WHAT THE EXERCISE ASKS
Transcribe only the lines in the data below falling between the line with "Mini 3D Printer" and the line with "Housse cuir portefeuille", including those two lines, and leave out any picture.

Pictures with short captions
====

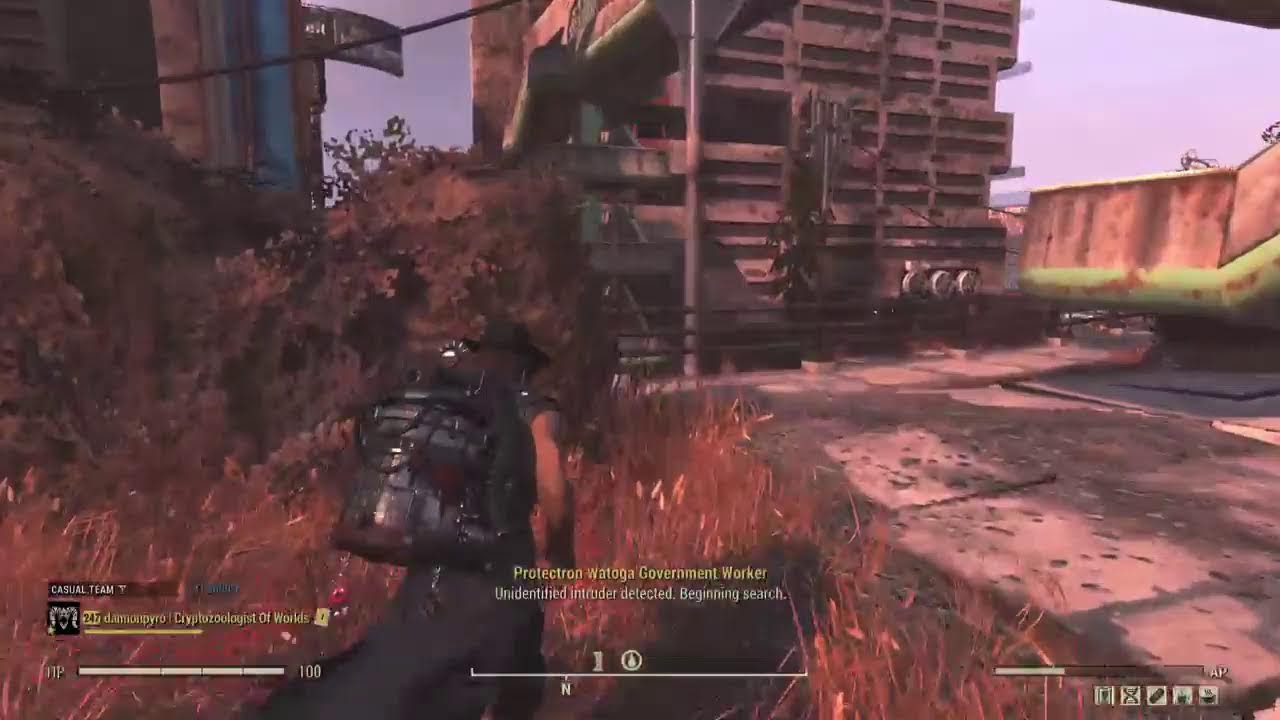 Fallout 76 Day 15 of Coming back to PS After getting way further on PC pt 3 crash And crash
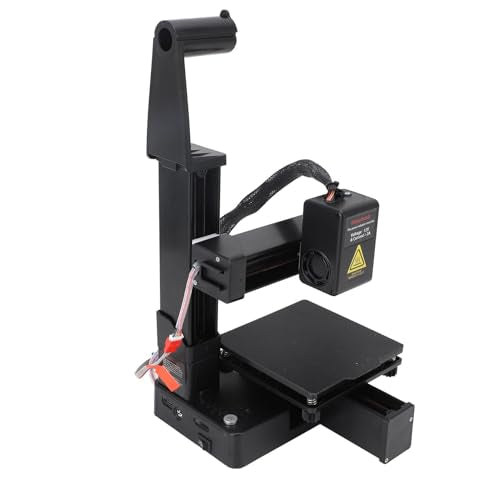 Mini 3D Printer for Beginners, High Speed & Precision, 100x100x100mm, Black E467509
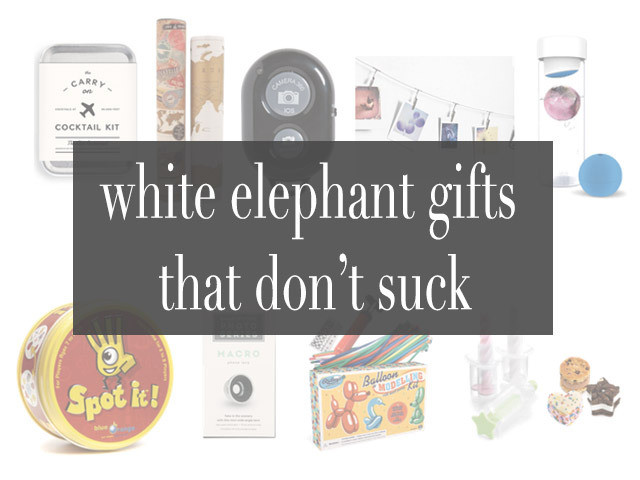 Best ideas about White Elephant Gift Ideas $10
. Save or Pin Gift Guide Unique White Elephant Gifts That Don’t Suck Now.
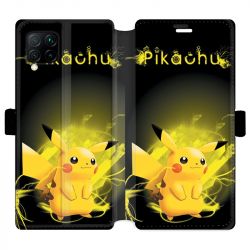 Housse cuir portefeuille pour Huawei P40 Lite Pokemon Pikachu eclair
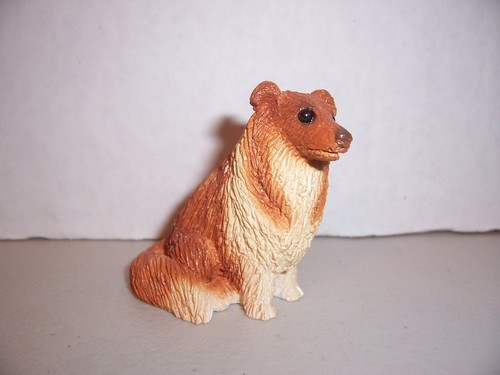 Collie miniature figurine - collie,
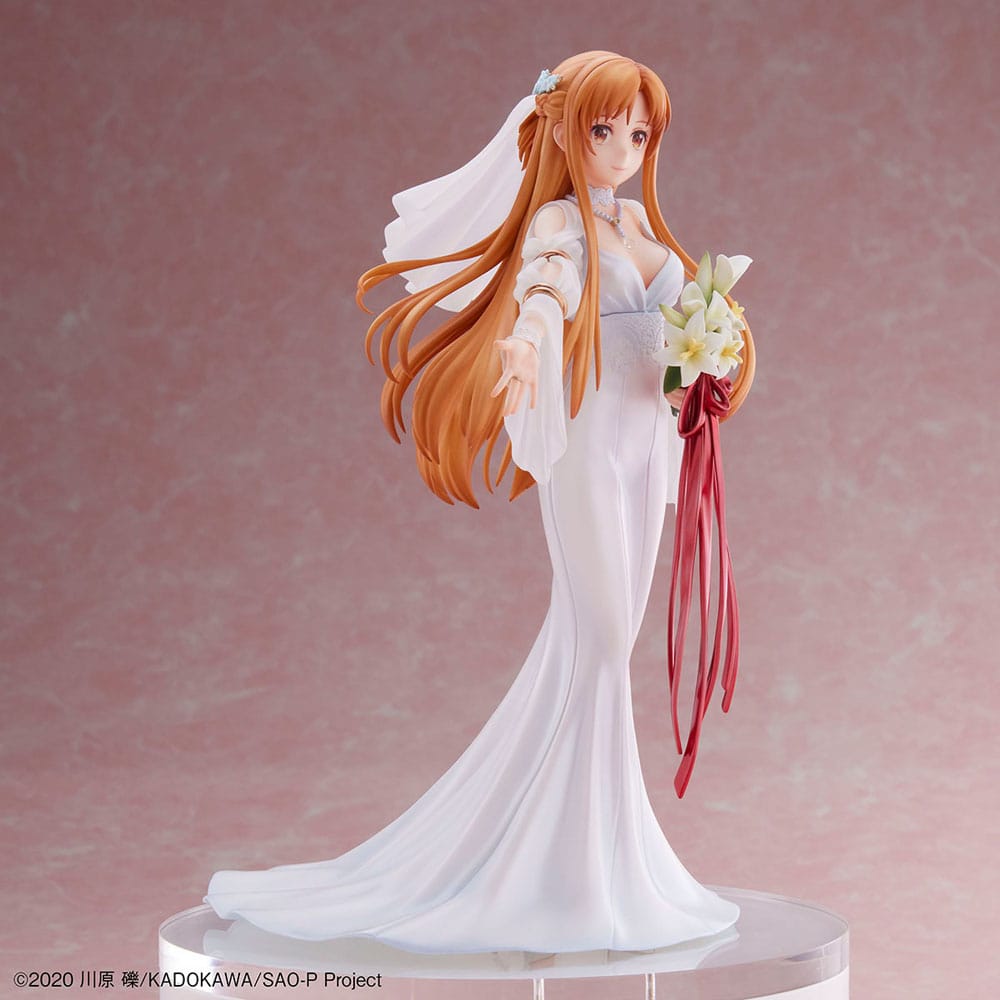 Sword Art Online PVC Statue 1/7 Asuna Wedding Ver. 25 cm Image 6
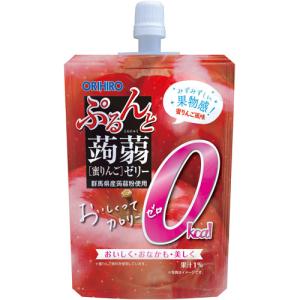 オリヒロ　ぷるんと蒟蒻ゼリースタンディング　カロリーゼロ　蜜りんご　【ORH】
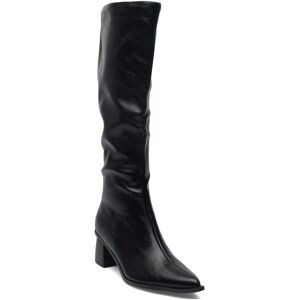Bianco Bialeonora Tall Zip Boot Faux Leather 37 Black 37 Bianco Bialeonora Tall Zip Boot Faux Leather 37 Black 37
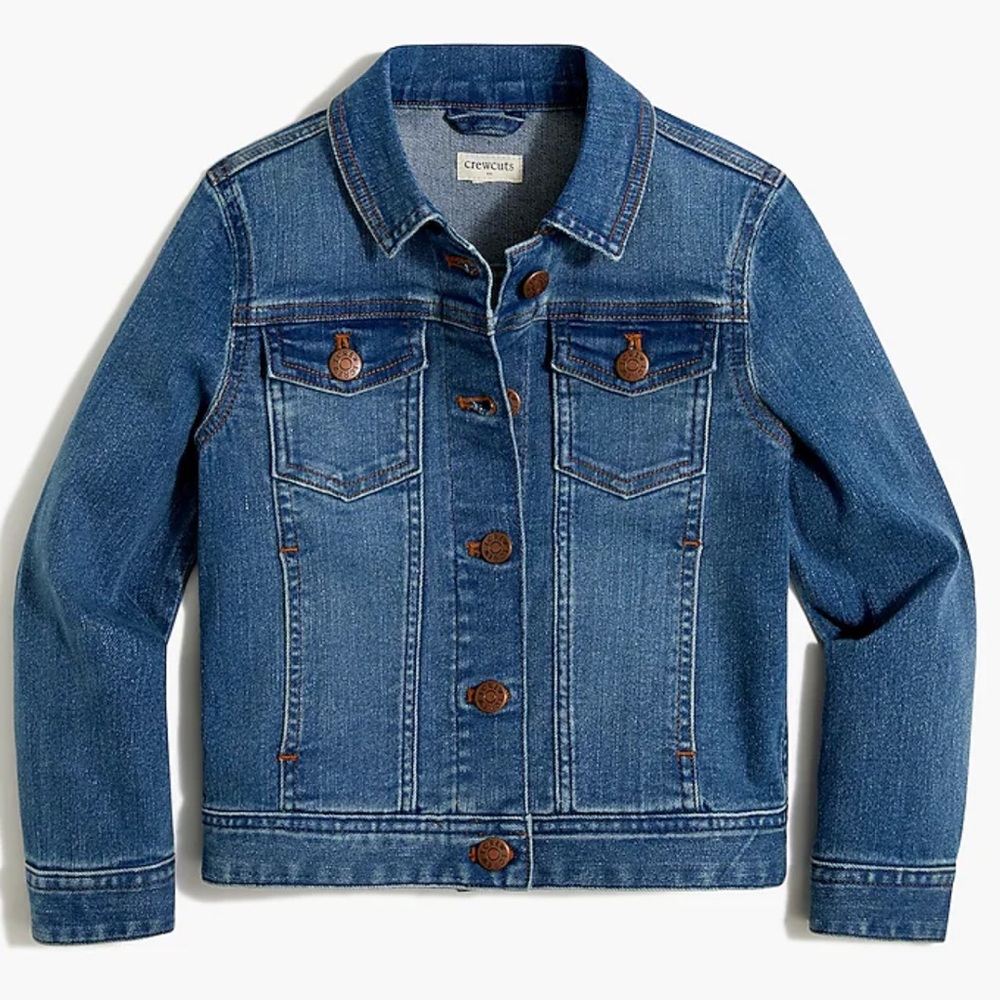 Girls J.Crew Crewcuts Denim Jacket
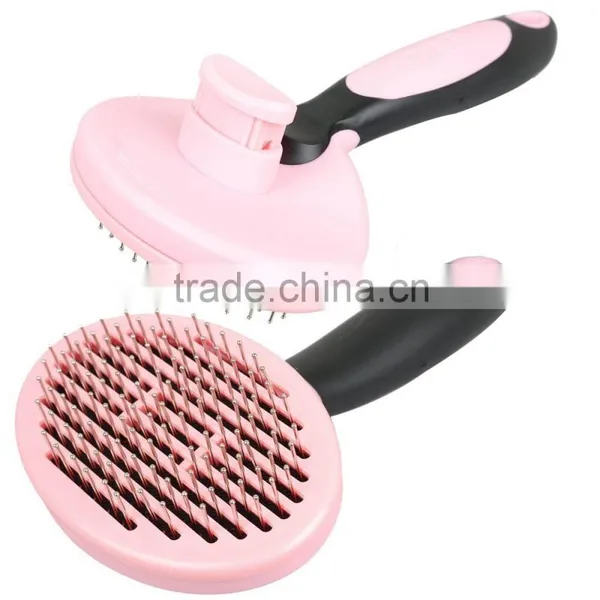 Pink/Blue Thick Pin Pet Fur Grooming Dog Comb Brush Shedding Tool photo-6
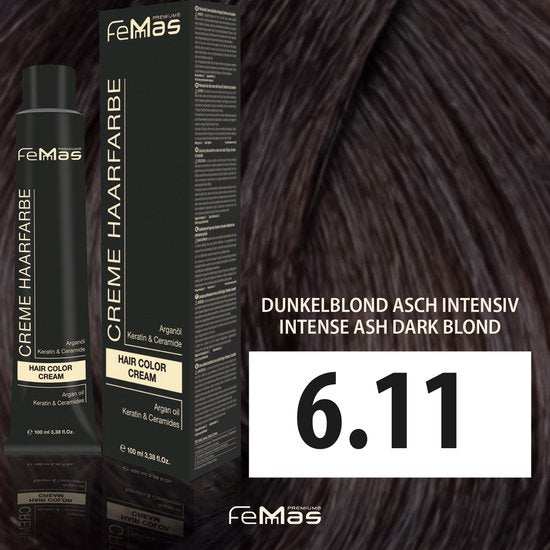 Femmas (6.11) - Haarverf - Intensieve donkere asblonde - 100ml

====

SOLUTION TO THE EXERCISE
 Mini 3D Printer for Beginners, High Speed & Precision, 100x100x100mm, Black E467509
 Best ideas about White Elephant Gift Ideas $10
. Save or Pin Gift Guide Unique White Elephant Gifts That Don’t Suck Now.
 Housse cuir portefeuille pour Huawei P40 Lite Pokemon Pikachu eclair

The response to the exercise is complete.